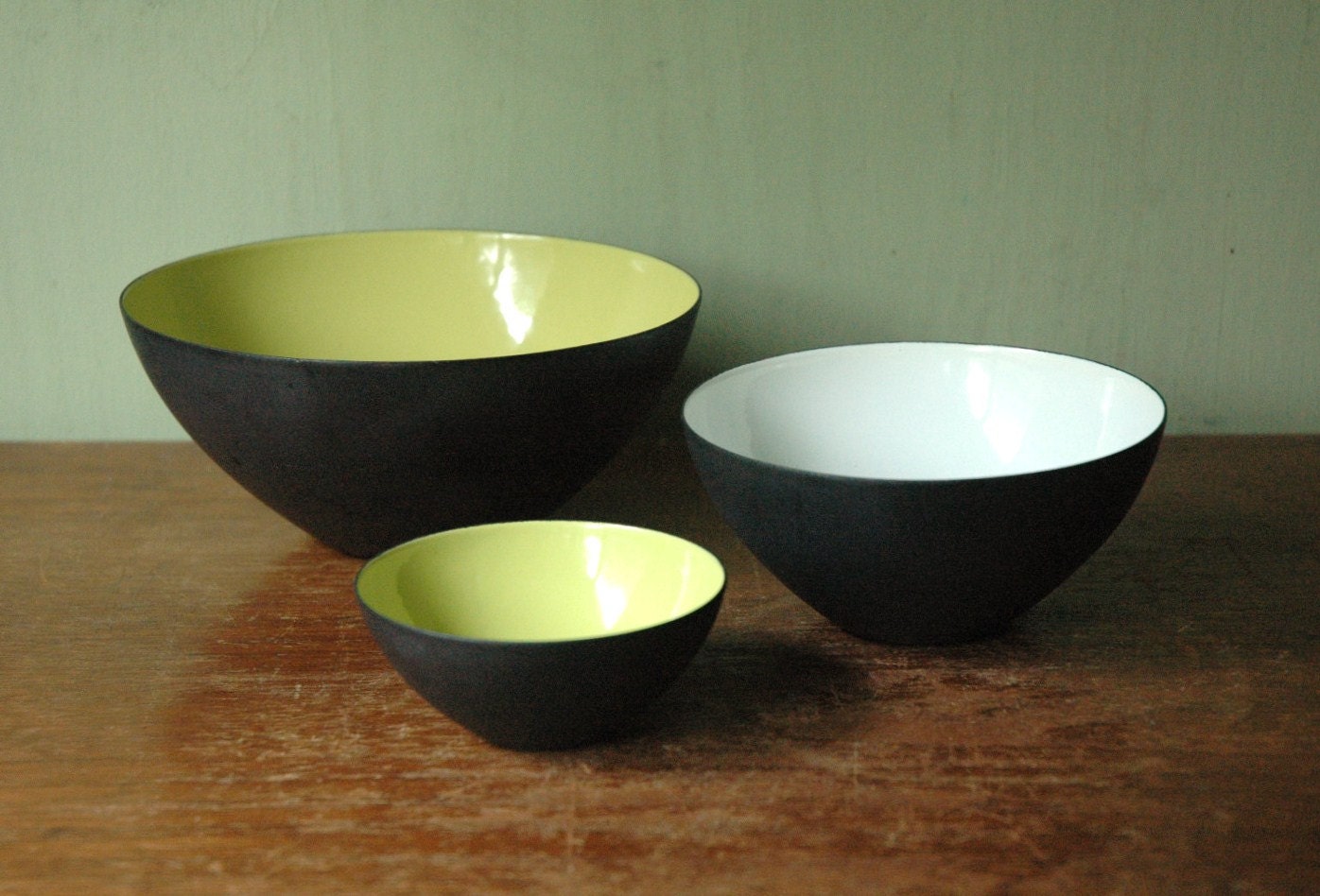 Krenit Enamel Bowl Set Designed by Herbert Krenchel - Chartreuse And White Danish Modern Enamelware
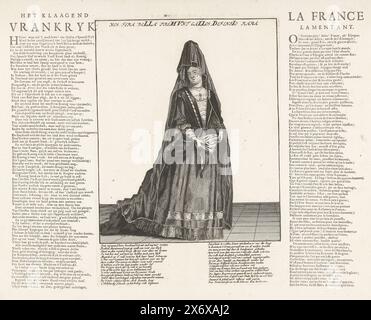 Madame de Maintenon als das beschwerende Frankreich, 1706, Het Klagenend Vrankryk, La France Lamentant (Titel zum Gegenstand), Royal Almanach von 1701, 't Lusthof van Momus (Titel der Serie), Madame de Maintenon als das beschwerende Frankreich, in voller Länge stehend, als Witwe gekleidet, 1706. Mit zwei Versen in Niederländisch in der Beschriftung und Versen in Niederländisch und Französisch auf der Seite auf beiden Seiten der Platte. Teil einer Serie von 19 Karikaturen über die Franzosen und Verbündeten aus dem Jahr 1706., Druck, Druckerei: Anonym, Verlag: Carel Allard, (zugeschrieben), Druckerei: Nord-Niederlande, Verlag: Amsterdam, 1706 Stockfoto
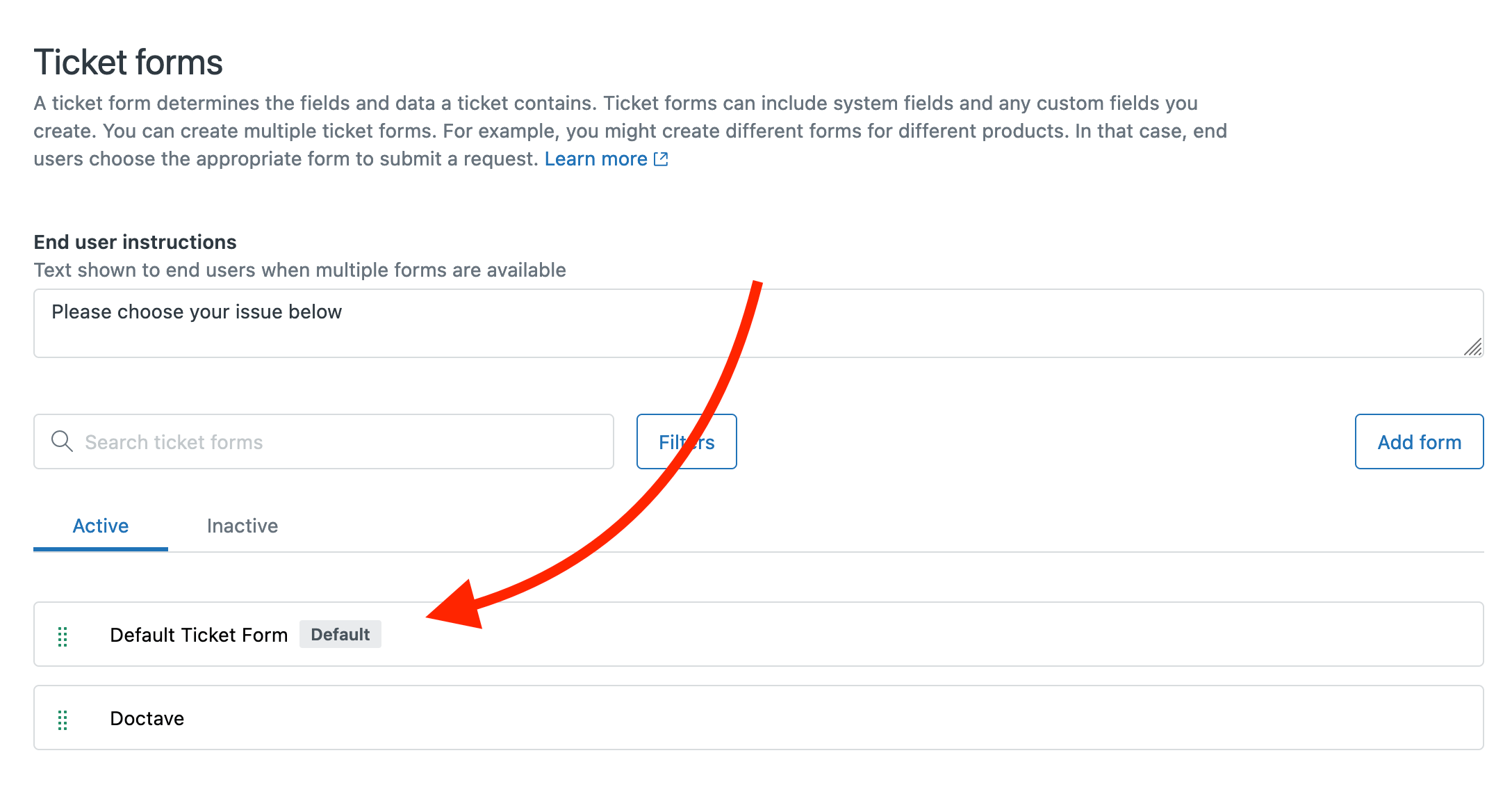 Zendesk default ticket form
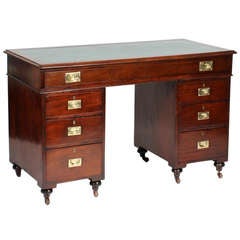 19th C. Mahogany 3 Part Flat Top Campaign Desk
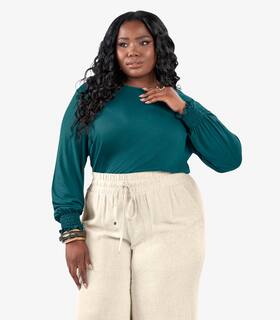 Blusa Manga Longa Lastex Plus Size Secret Glam Verde
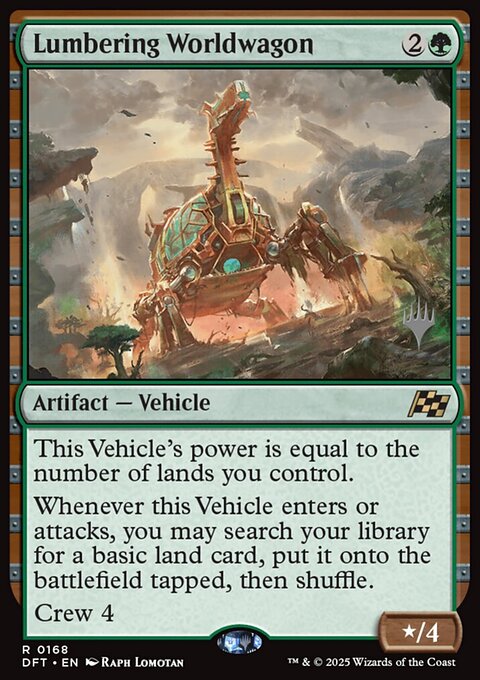 Lumbering Worldwagon, Aetherdrift Promos #168p, Magic: The Gathering card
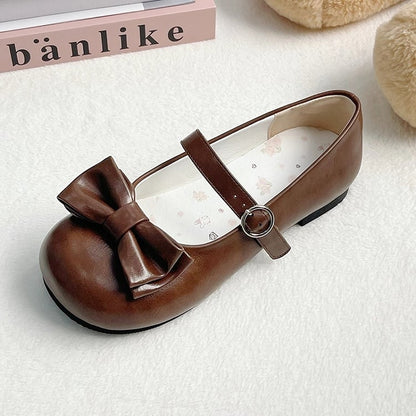 Brown Sweet Lolita Round Toe Mary Janes - Circle Buckle & Bow Accents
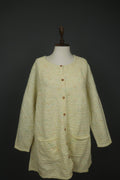 GUDRUN SJODEN Yellow Dotted 100% Wool Knitted Button Front Sweater Dress – Size M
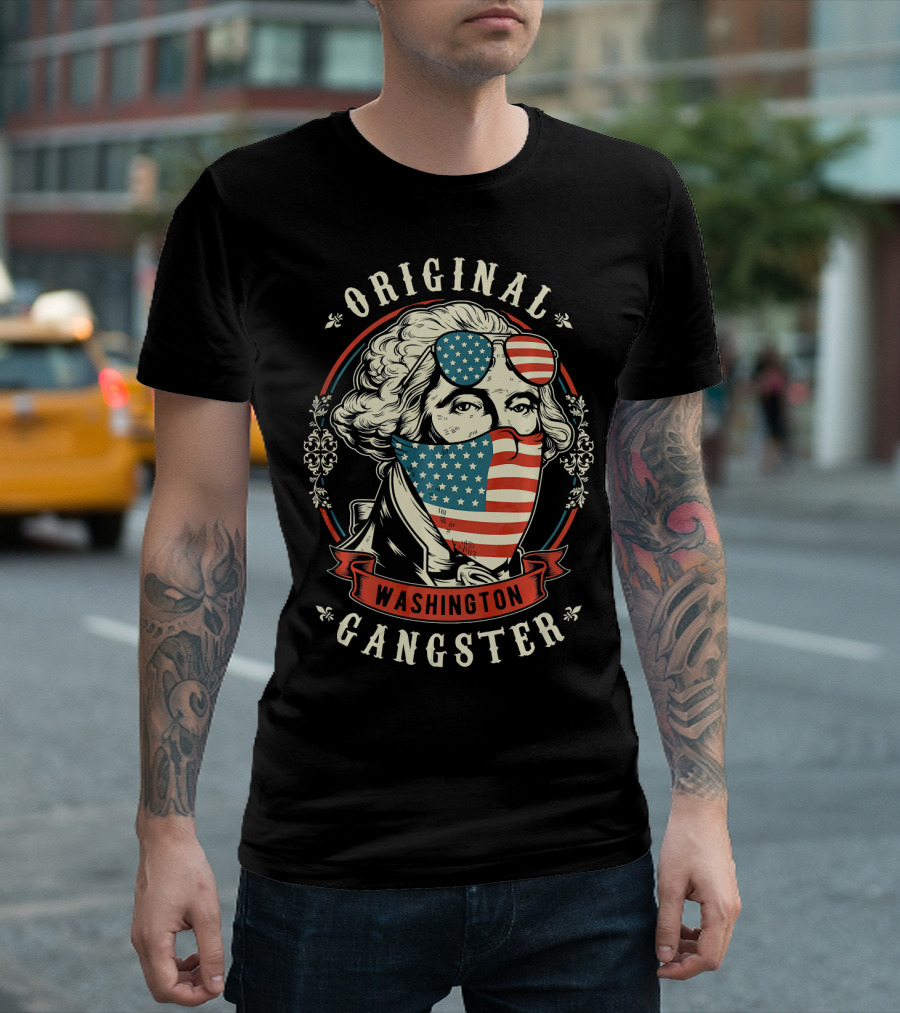 Original Gangster Washington American Flag Bandana Sunglasses T-Shirt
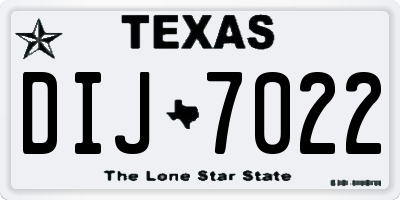 TX license plate DIJ7022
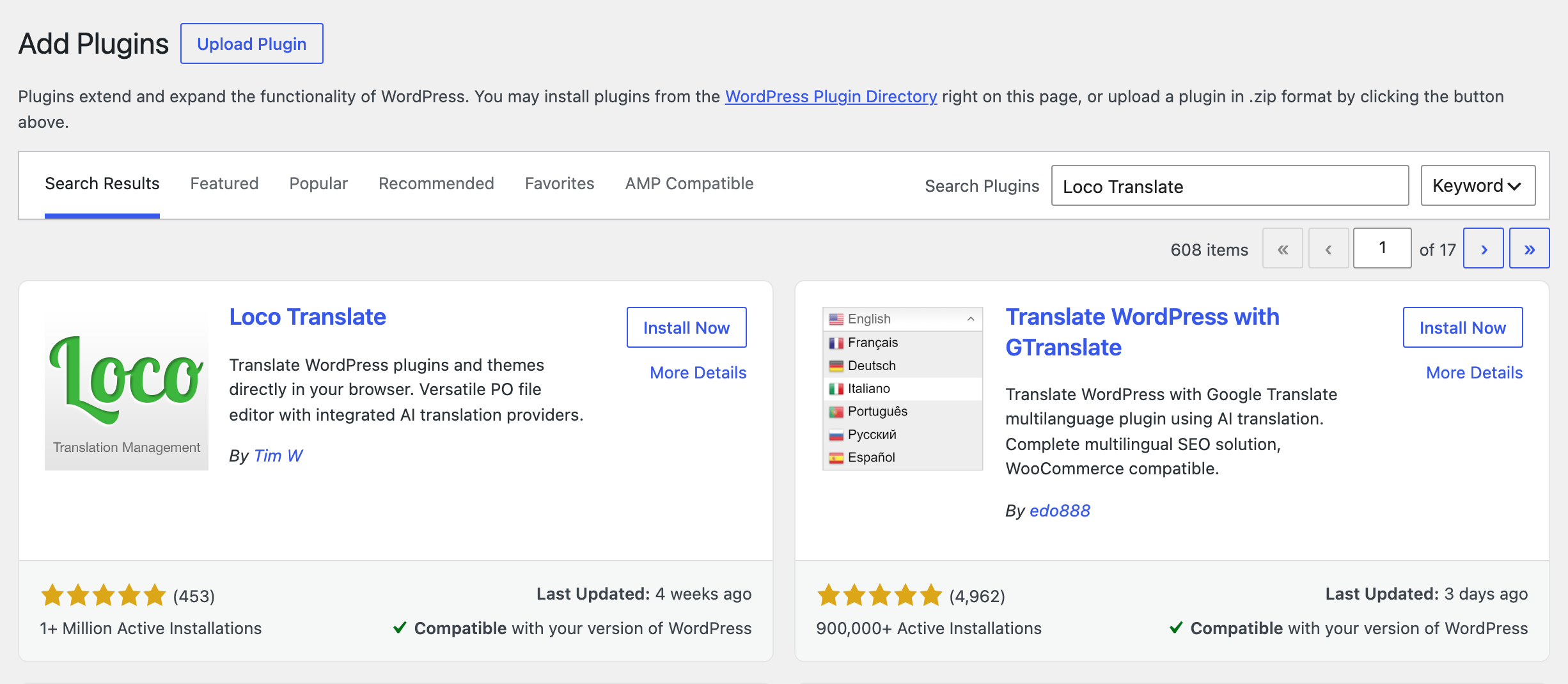 Plugins > Add Plugin with Loco Translate typed into Search Plugins and the Install Now button on its card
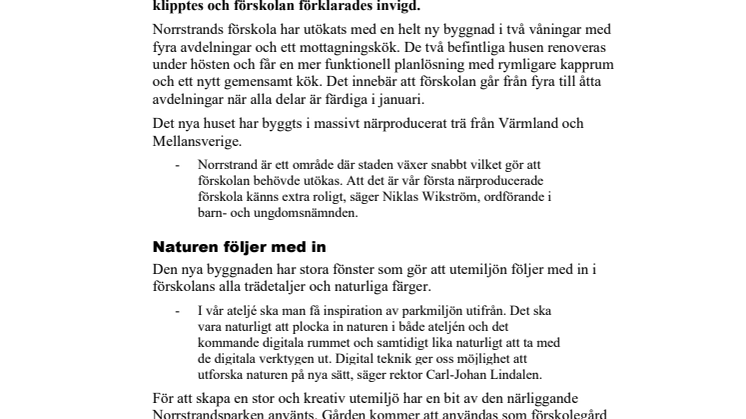 Nya Norrstrands förskola invigd 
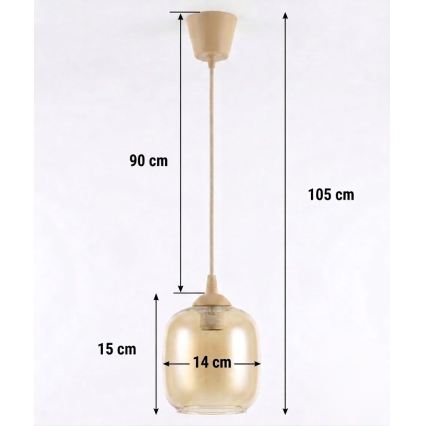 BRILAGI - LED pakabinamas šviestuvas ant laido RETRO GLASS 1xE27/60W/230V Ø 14 cm smėlinė/dūminė ruda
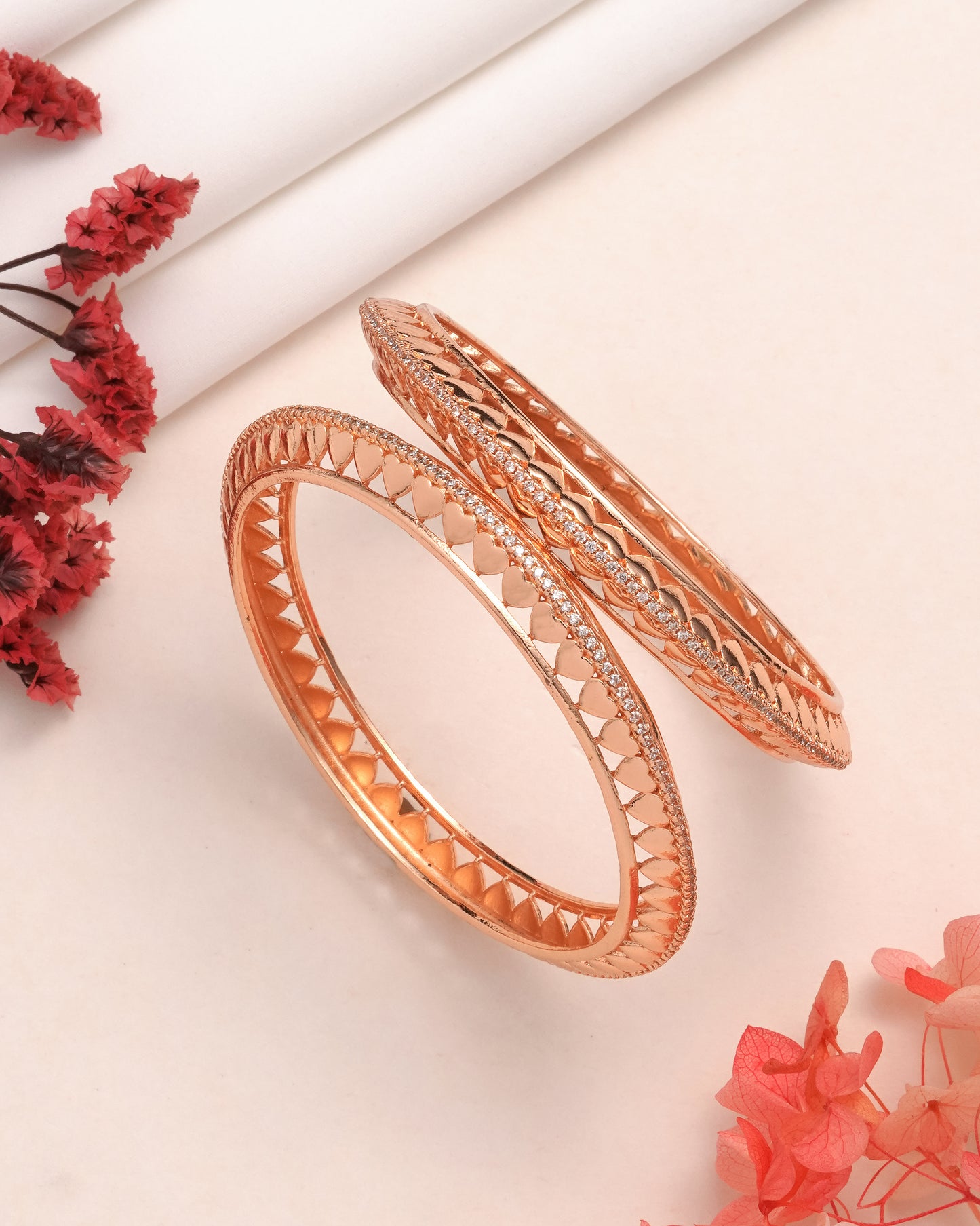 Elegant Rose Gold Plated Bangles with Heart Motif and American Diamond Accents (Set of 2)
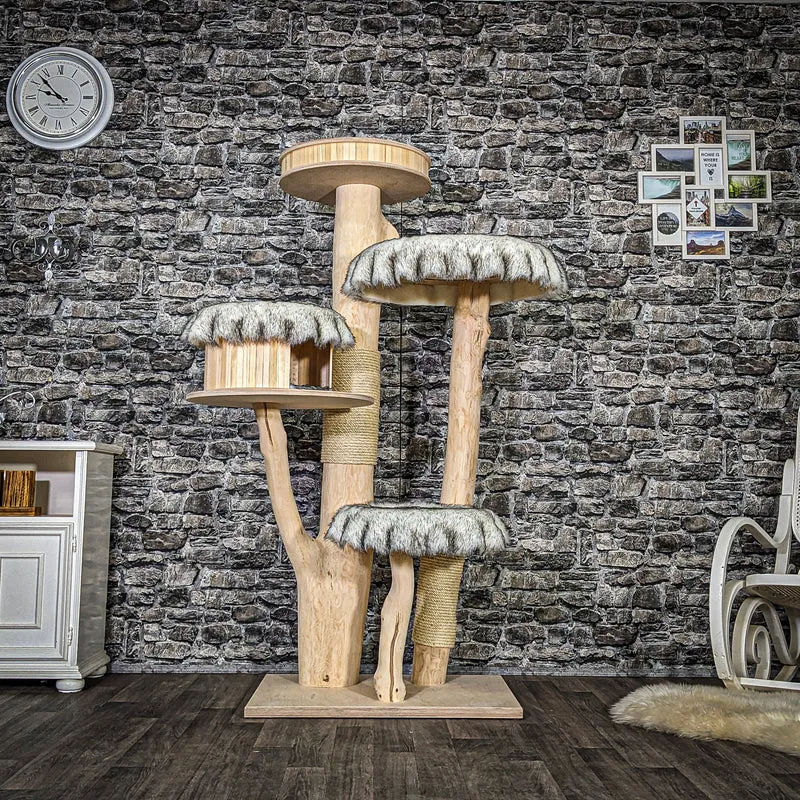 Naturkratzbaum 3873 Kratzbaum Natur Holz Design 170 cm hoch Katzenbaum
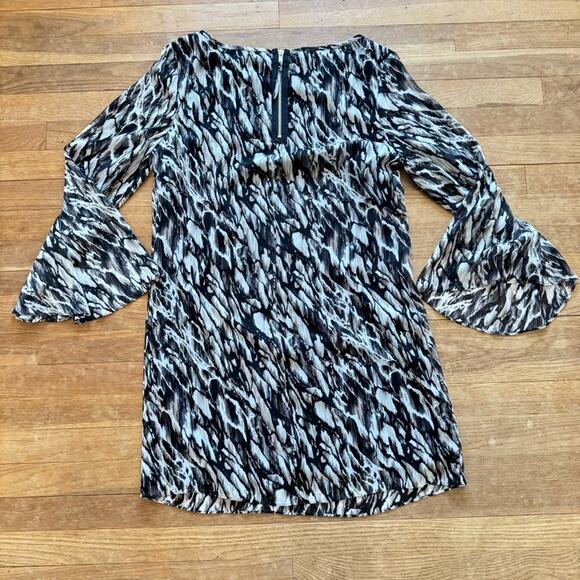 JBS black white abstract print long sleeve mini shift dress size 10
 b26 - Picture 4 of 4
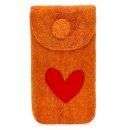 Handytasche orange mit rotem Herz 10.3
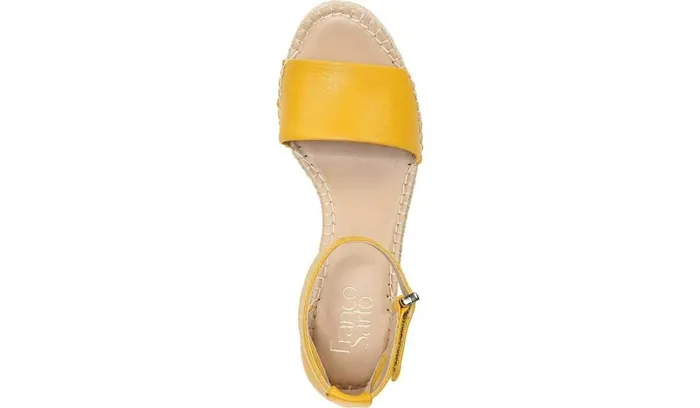 Spadrilles Women Franco Sarto Franco Clemens Espadrille Wedge Sandal Summer Yellow Leather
------------------------------------------------
From the records above, output only the lines starting at the one containing "Lumbering Worldwagon, Aetherdrift" and ending at the one containing "Naturkratzbaum 3873 Kratzbaum", word for word. Pictures stay out.

 Lumbering Worldwagon, Aetherdrift Promos #168p, Magic: The Gathering card
 Brown Sweet Lolita Round Toe Mary Janes - Circle Buckle & Bow Accents
 GUDRUN SJODEN Yellow Dotted 100% Wool Knitted Button Front Sweater Dress – Size M
 Original Gangster Washington American Flag Bandana Sunglasses T-Shirt
 TX license plate DIJ7022
 Plugins > Add Plugin with Loco Translate typed into Search Plugins and the Install Now button on its card
 Nya Norrstrands förskola invigd 
 BRILAGI - LED pakabinamas šviestuvas ant laido RETRO GLASS 1xE27/60W/230V Ø 14 cm smėlinė/dūminė ruda
 Elegant Rose Gold Plated Bangles with Heart Motif and American Diamond Accents (Set of 2)
 Naturkratzbaum 3873 Kratzbaum Natur Holz Design 170 cm hoch Katzenbaum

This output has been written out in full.